Last Saturday I was part of a group of tradespeople showing our skills and wares in Brentsville, VA at their historic court house. It was a lovely day and we got to tour the court house, newly restored, as well as the in-progress jail next door. If you live in the area and missed us, don't worry, the plan is to make this an annual event (though perhaps a little earlier in the year). The site dates to the 1820s, so we all had a small shift in our normal apparel.
I had my shoemaking set up, attempting to keep the sharp bits out of the hands of guests.
Joseph kept us very well fed; roast chicken with bacon, pork chops with onions and apples, and cucumber salad just to name a few items on the menu.
Michael set up on the tailors board, and Jay (hiding behind the tree) talked about the work of artificers and leather breeches makers.
I constructed a mid-1820s style gown from B&T lavender muslin based on an original at Snowshill (also in Costume in Detail).

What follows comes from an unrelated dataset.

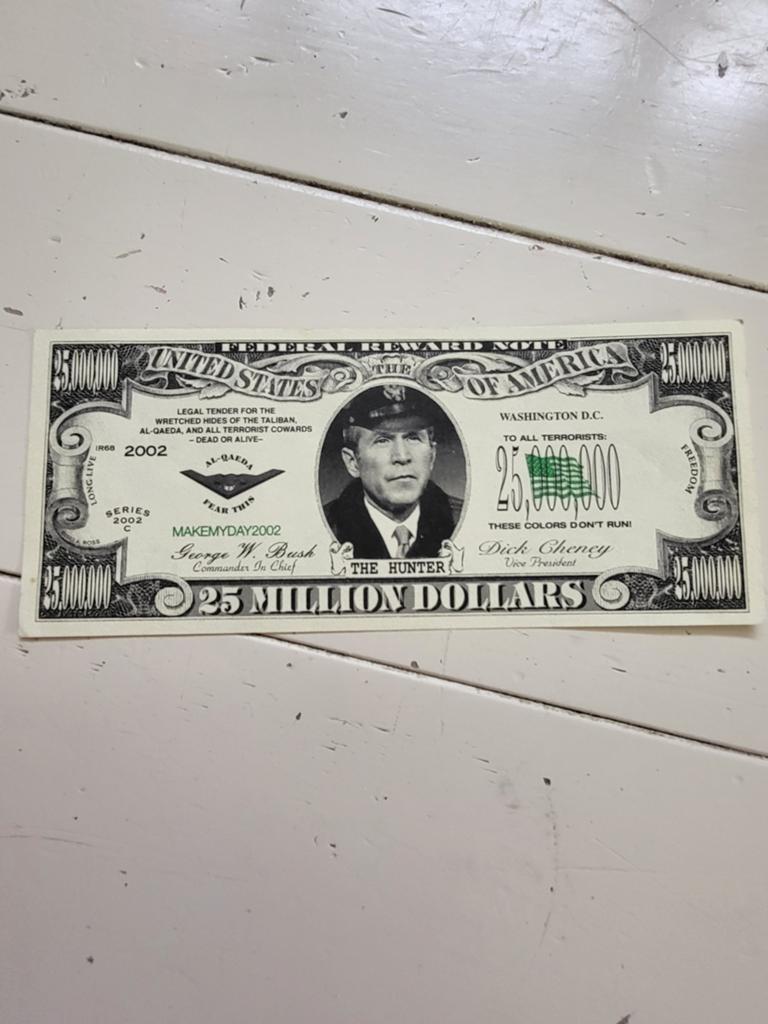 Biljet 25 miljoen dollar George Bush Saddam en Bin Laden UNC, Ophalen of Verzenden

The fabric pleats so easily! Honestly, I didn't even iron the pleats around the hem. Also, I swear the hem isn't too long when I'm not standing in grass. I do NOT need to sew another pleat. Really, I don't.
The back fastens with hooks and eyes, the bodice and sleeves are lined in white cotton. The kerchief wrapped around the cap seems to be a common thing in images of tradeswomen.
A glimpse of my new shoes- so comfortable I wore them all weekend until it started raining!
And a glimpse of another pair of 1820s shoes, though this pair has a different owner.
Trimming down the insole for a future pair of boots.
The three ladies of the day: Sarah, Samantha, and I.
And our dapper tailor, Michael. Check out the fancy Morocco leather slippers Samantha made for him! I got to play teacher for that process.